Is a YouTube livestream with a celebrity promoting a crypto giveaway real?
No. Celebrity crypto giveaway livestreams on YouTube are always scams using deepfake or cloned video footage. The celebrity has not endorsed anything.
Last reviewed: 1 June 2026
Explanation
Fraudsters hijack large YouTube channels, use fake cloned accounts, or buy advertising to broadcast what appear to be live streams of well-known figures — executives, celebrities, or athletes — promoting a crypto giveaway where viewers must 'send to receive double back'. The video footage is either a deepfake of the real person or recycled from genuine interviews. The stream looks live because a counter ticks up. No crypto giveaway that requires you to send funds first is legitimate.
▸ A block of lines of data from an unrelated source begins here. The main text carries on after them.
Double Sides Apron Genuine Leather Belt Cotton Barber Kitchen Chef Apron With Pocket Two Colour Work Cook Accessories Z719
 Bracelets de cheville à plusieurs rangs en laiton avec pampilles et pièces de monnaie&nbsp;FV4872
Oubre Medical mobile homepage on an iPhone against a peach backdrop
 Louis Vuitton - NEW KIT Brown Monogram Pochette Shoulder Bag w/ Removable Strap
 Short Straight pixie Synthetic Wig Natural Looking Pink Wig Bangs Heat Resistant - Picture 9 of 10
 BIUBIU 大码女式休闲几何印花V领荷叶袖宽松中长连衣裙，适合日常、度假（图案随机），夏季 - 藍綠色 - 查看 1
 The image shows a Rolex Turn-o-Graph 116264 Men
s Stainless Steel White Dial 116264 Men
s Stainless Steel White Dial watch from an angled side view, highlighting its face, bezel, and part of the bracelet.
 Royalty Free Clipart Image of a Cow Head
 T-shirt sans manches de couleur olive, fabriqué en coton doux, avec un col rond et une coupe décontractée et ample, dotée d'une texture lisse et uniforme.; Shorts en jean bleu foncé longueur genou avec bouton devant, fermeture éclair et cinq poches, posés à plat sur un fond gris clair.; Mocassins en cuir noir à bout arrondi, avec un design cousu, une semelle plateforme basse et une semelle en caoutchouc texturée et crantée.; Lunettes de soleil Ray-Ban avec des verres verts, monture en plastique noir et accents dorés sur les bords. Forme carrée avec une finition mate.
Organisations and individuals with real crypto to give away have no reason to require you to deposit first — the 'double your crypto' mechanics only make financial sense for the scammer collecting deposits.
Common red flags
- Livestream promises to double any crypto you send to an address
- Celebrity or executive is speaking but the audio does not quite sync
- Comments are flooded with posts claiming they already received their double
- Giveaway has a countdown timer to create urgency
What to do now
- Do not send any cryptocurrency to an address shown on a livestream
- Report the video to YouTube as a scam
- If you already sent crypto, report to your national fraud service — recovery is unlikely
- Warn others who may be watching the same stream
Frequently asked questions
Do any legitimate crypto giveaways exist?
Some genuine airdrops exist in the crypto space, but they never require you to send money first, and they are announced through official project channels — not through YouTube livestreams.